YOUR TASK
Each line of the material should be set down exactly. Pictures are not part of the copy.
#### GIVEN DATA
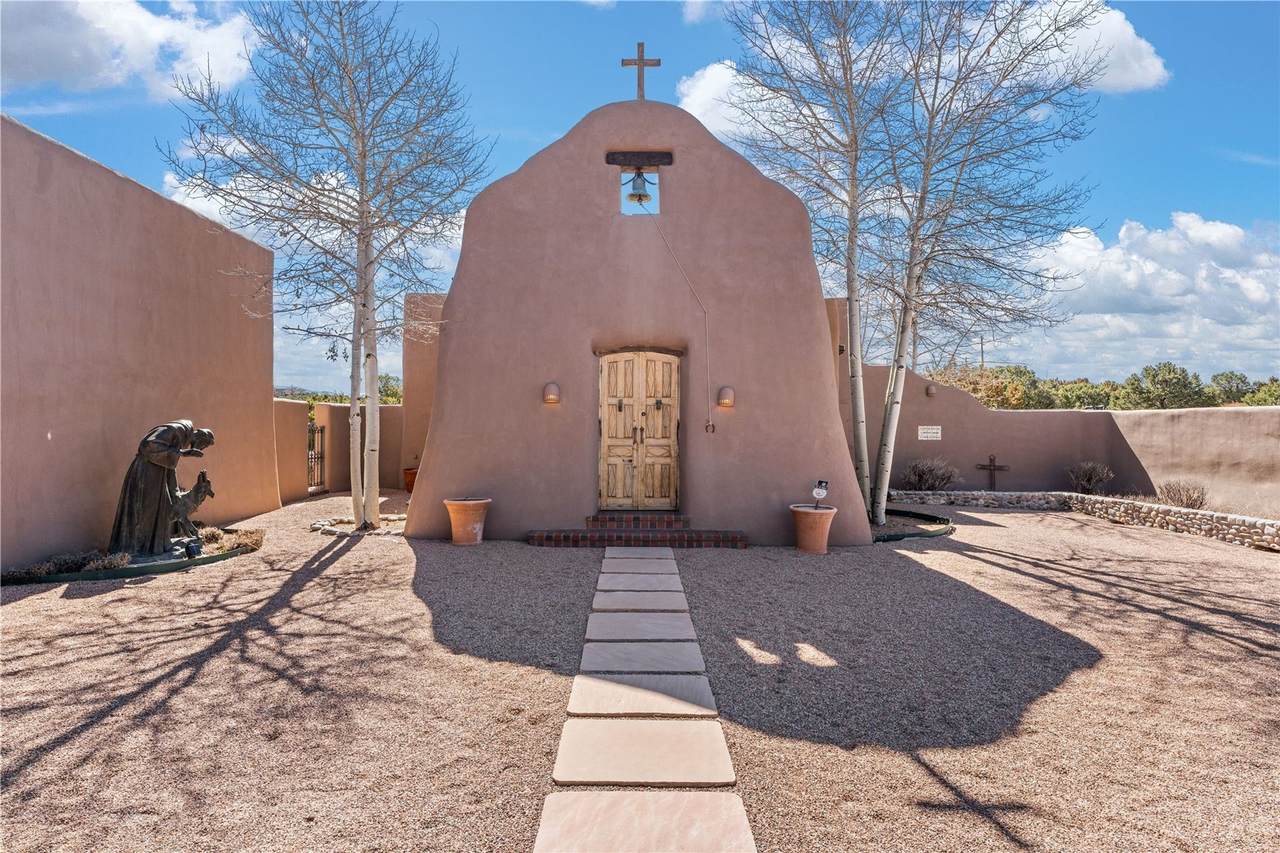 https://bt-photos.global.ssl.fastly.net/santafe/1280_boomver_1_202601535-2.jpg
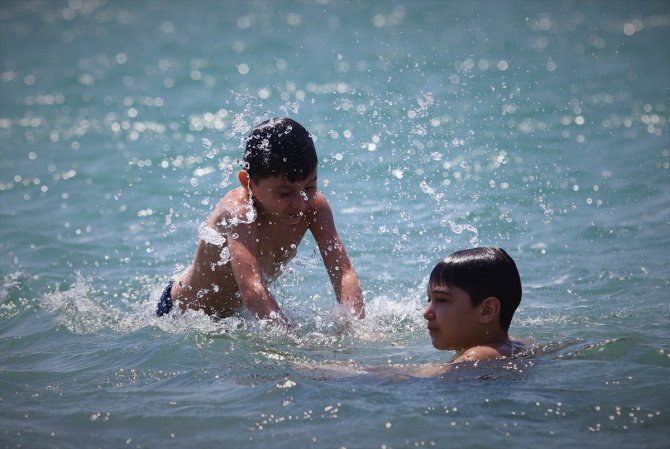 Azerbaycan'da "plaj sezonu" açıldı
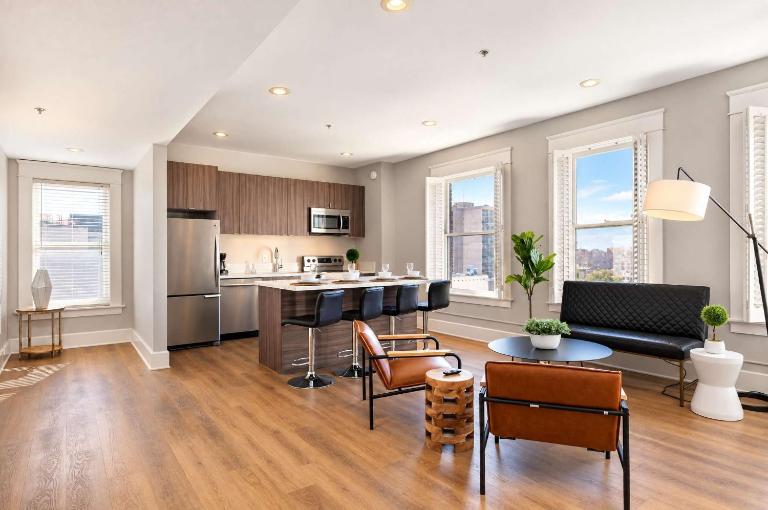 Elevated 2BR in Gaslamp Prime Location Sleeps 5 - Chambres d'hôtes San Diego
########
SOLUTION
 https://bt-photos.global.ssl.fastly.net/santafe/1280_boomver_1_202601535-2.jpg
 Azerbaycan'da "plaj sezonu" açıldı
 Elevated 2BR in Gaslamp Prime Location Sleeps 5 - Chambres d'hôtes San Diego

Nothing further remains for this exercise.